Along with my views on the utility of miniaturized modular nuclear reactors ("Nuclear Batteries," June 15), I suppose the opinion that generates the most unpopular reaction is my belief that free will is a boondoggle. While the free will versus determinism debate has been going on in philosophers' ivory towers and beery college dorms for just about ever, the accelerating quest for artificial intelligence has given the controversy new meaning and bite.
If you've been following Westworld, HBO's series about android "hosts" catering to every whim of guests (including getting insulted, screwed and shot), you'll know the dilemma. The hosts sure think they're alive and conscious — that's the whole attraction of the Westworld environment, the fact that the hosts are the emotional equals of the guests and when they're hurt, they don't act hurt, they are hurt. What happens when they start realizing they're "only" robots? You'll have to watch the show for that.

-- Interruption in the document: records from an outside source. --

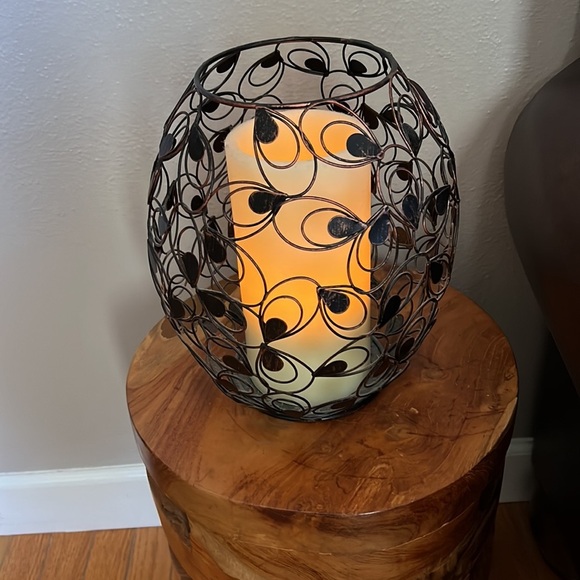 🎉Host Pick🥰💕❤️Beautiful Large Flameless Candle in Metal Basket - Picture 6 of 16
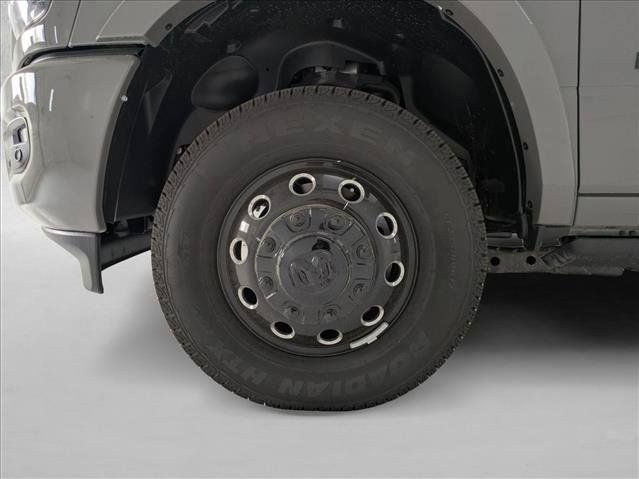 New 2026 RAM 3500 Limited AWD/4WD image 16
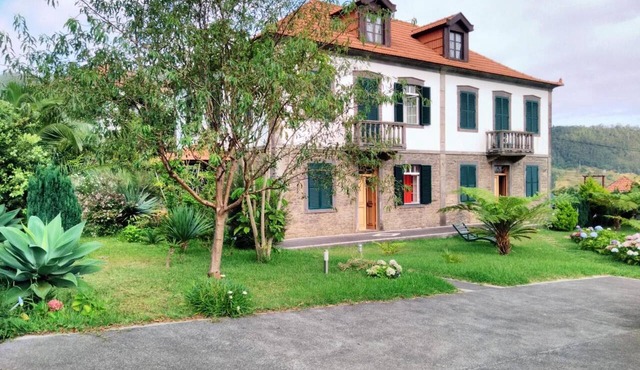 Villa 'Quinta Do Serrado' with Sea View, Private Garden and Wi-Fi in Ribeira da Janela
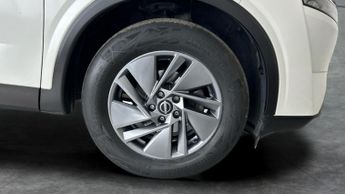 Nissan Qashqai 1.3 DIG-T MHEV Acenta Premium XTRON (158 ps) - LANE DEPARTURE  -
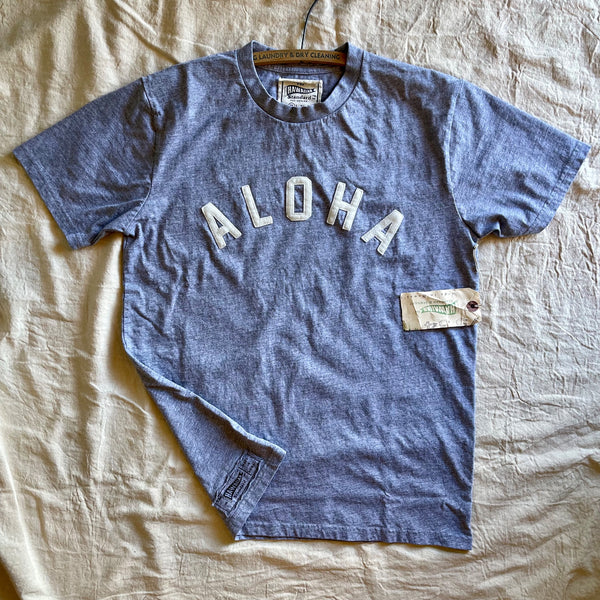 Mens T-Shirt in Heather Grey x Aloha applique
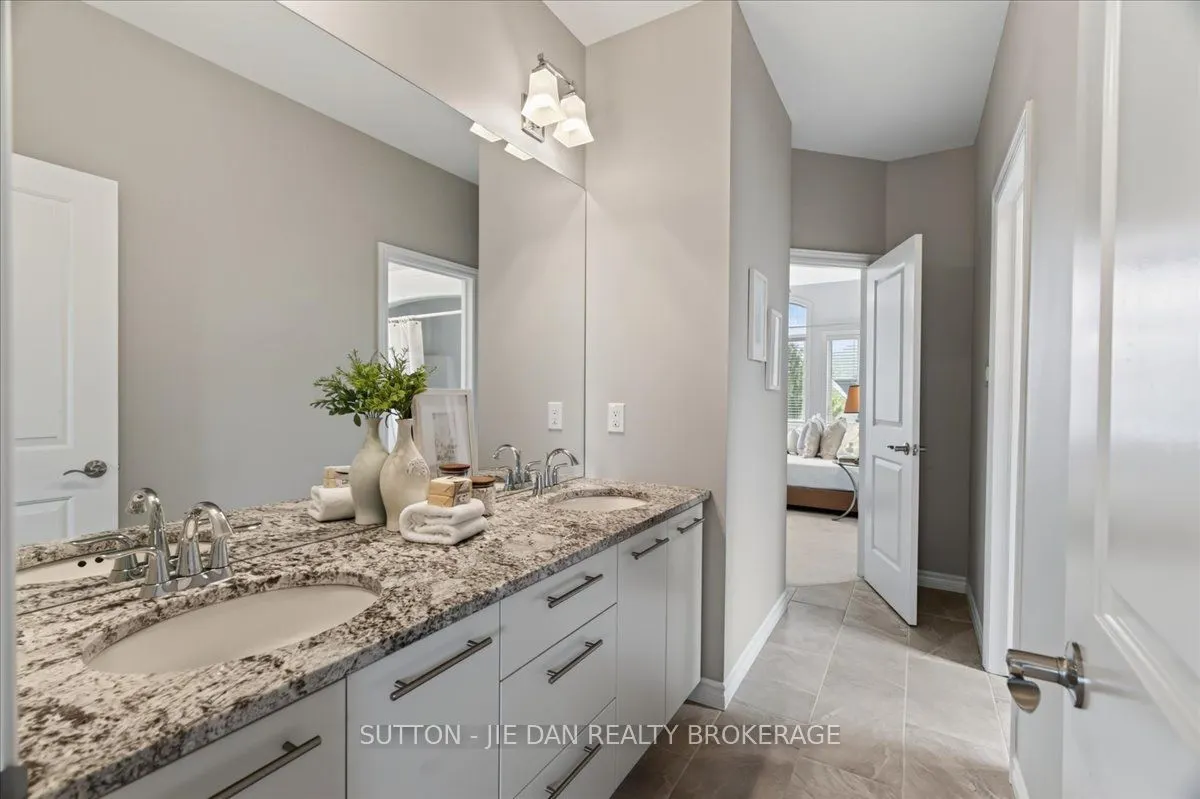 2361 TORREY PINES Way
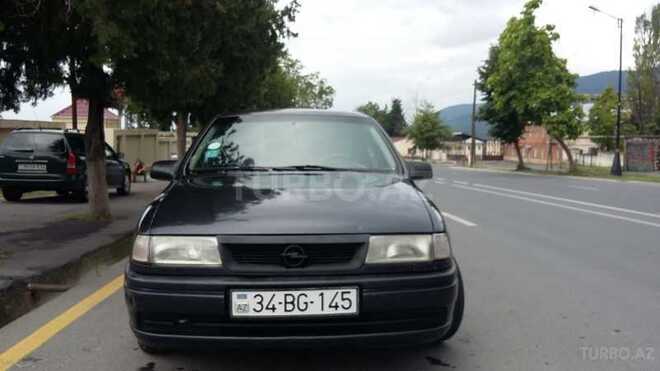 Opel Vectra 1994, 385,000 km - 1.6 l - Qax
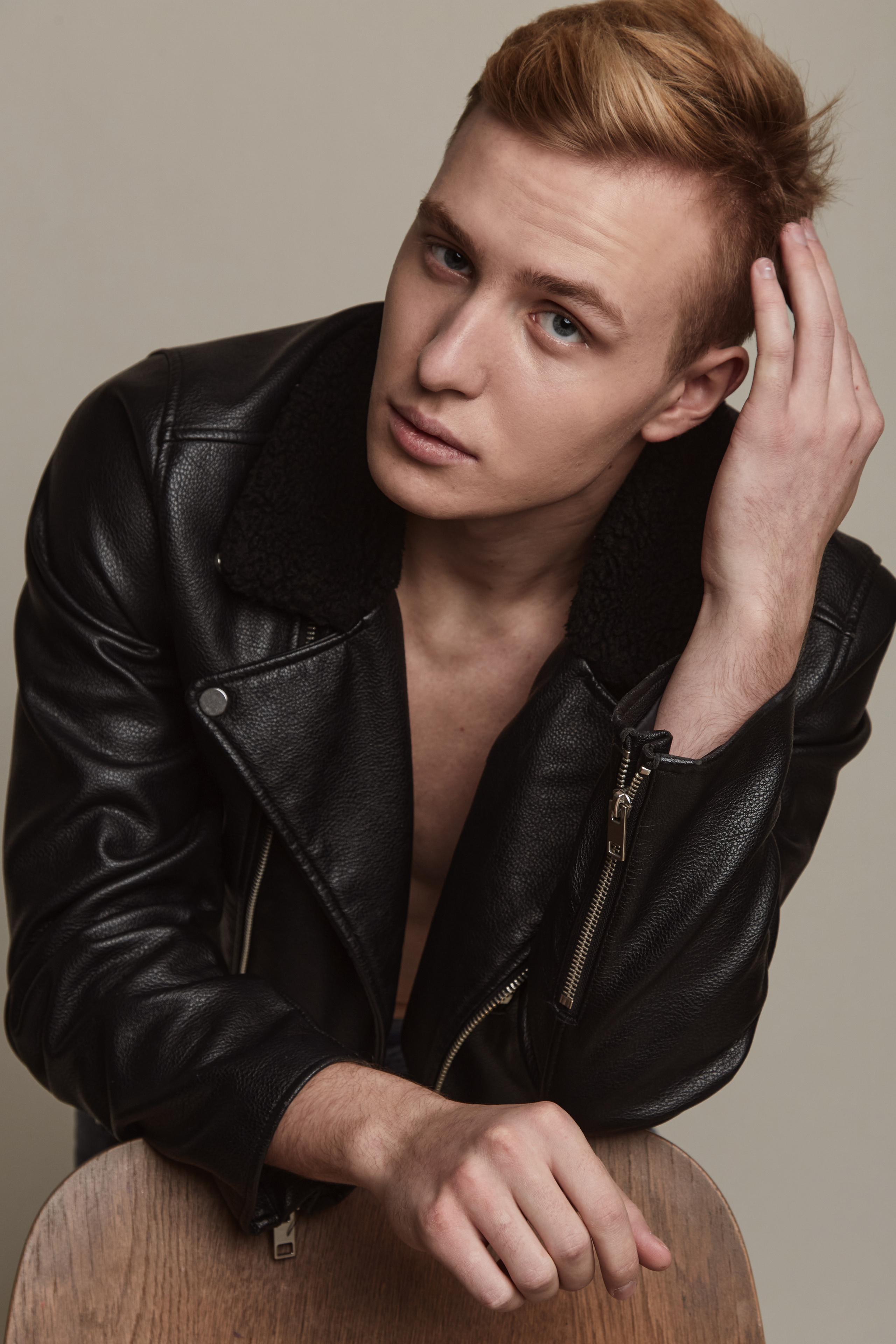 Модель для съемки для маркетплейсов Михаил В. Москва | Sale Easy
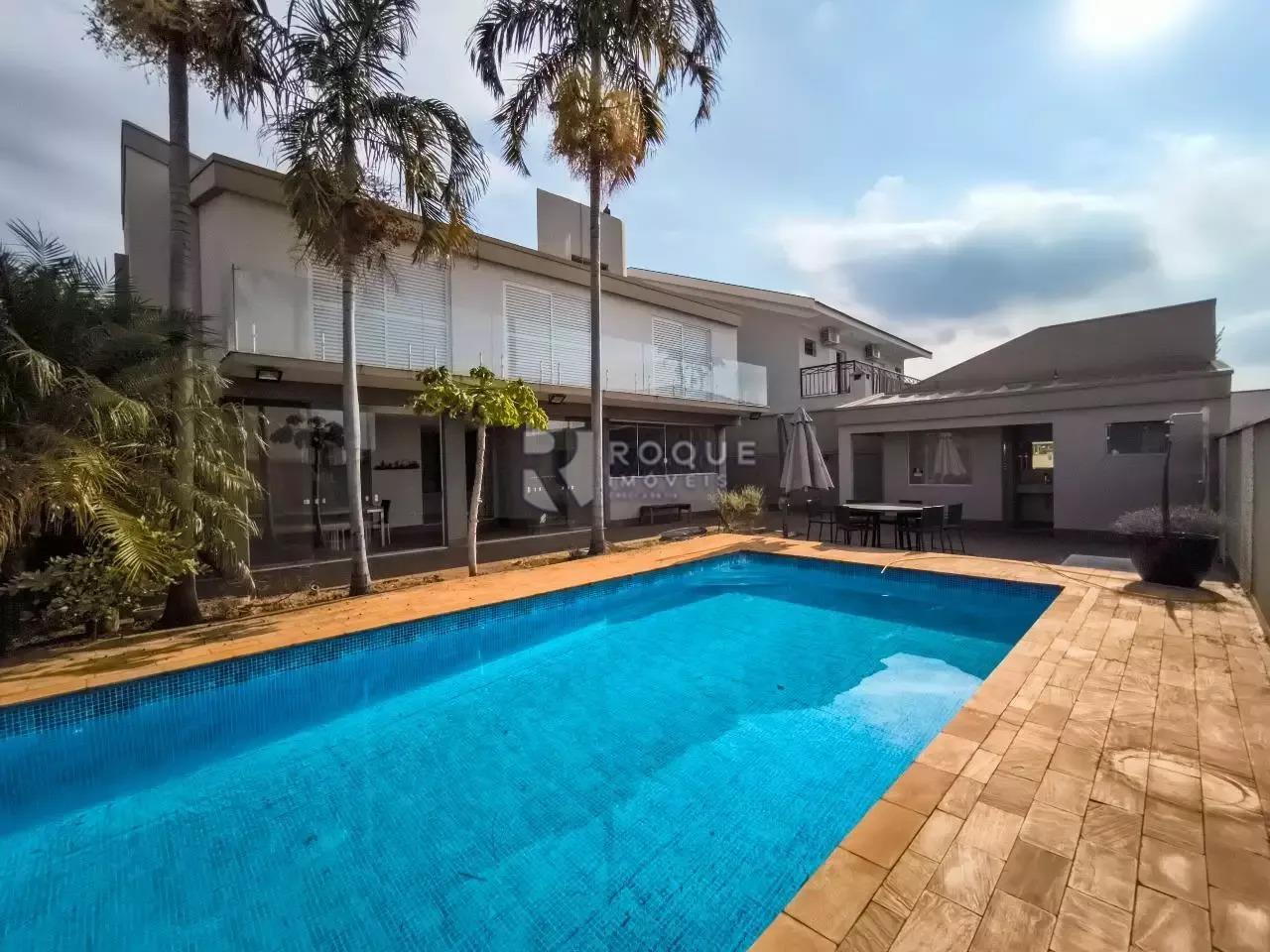 Casa em condomínio para aluguel no bairro Parque São Bento: Piscina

But that "only" is the key to our existence here in "Realworld" where we confidently live out our days. What would happen if we realized that we are, in fact, robots? If our innate belief that we have free will, that we're captains of our ships, that our decisions have real meaning — if all that was successfully challenged? That is, what happens when we adopt the materialist position that we're mere bundles of atoms assembled following the dictates of nearly four billion years of evolution "using only one tool: the mistake," to quote Westworld's fearsome leader, played to the hilt by Anthony Hopkins. If atoms don't have free will (they don't, right?), then assemblages of them don't, not even a body's worth of 7 x 10^27 of them. So goes the materialist argument.
And, of course, any case you can make for free will is countered irredeemably by the simple response: "How do you know?" Whatever your position, how do you know you're not just reacting, mechanically and automatically? (Which doesn't change anything — as Samuel Johnson famously summed up the human situation, "All theory is against the freedom of the will; all experience is for it.")
And in a sense the free will vs. determinism debate is a lost cause, an apples and oranges argument. My free will — whatever rational analysis tells me — is a feeling. Determinism, on the other hand, is a process. Meaning I'll blithely carry on in this life acting as if I'm free, even while logic assures me I'm essentially an 86-billion neuron machine and a prisoner of my genes.
As we rapidly approach the era when the likes of Hal of 2001: A Space Odyssey and Lieutenant Commander Data of Star Trek: the Next Generation become actual possibilities (not to mention Westworld's Maeve and Dolores), we're going to be forced to confront our own intuitions on what it means to be alive. Do androids have the same rights as humans? Do chimpanzees? Is the pain you and I feel of any greater consequence than that of a machine claiming to be in distress?
And do you have any choice about your response?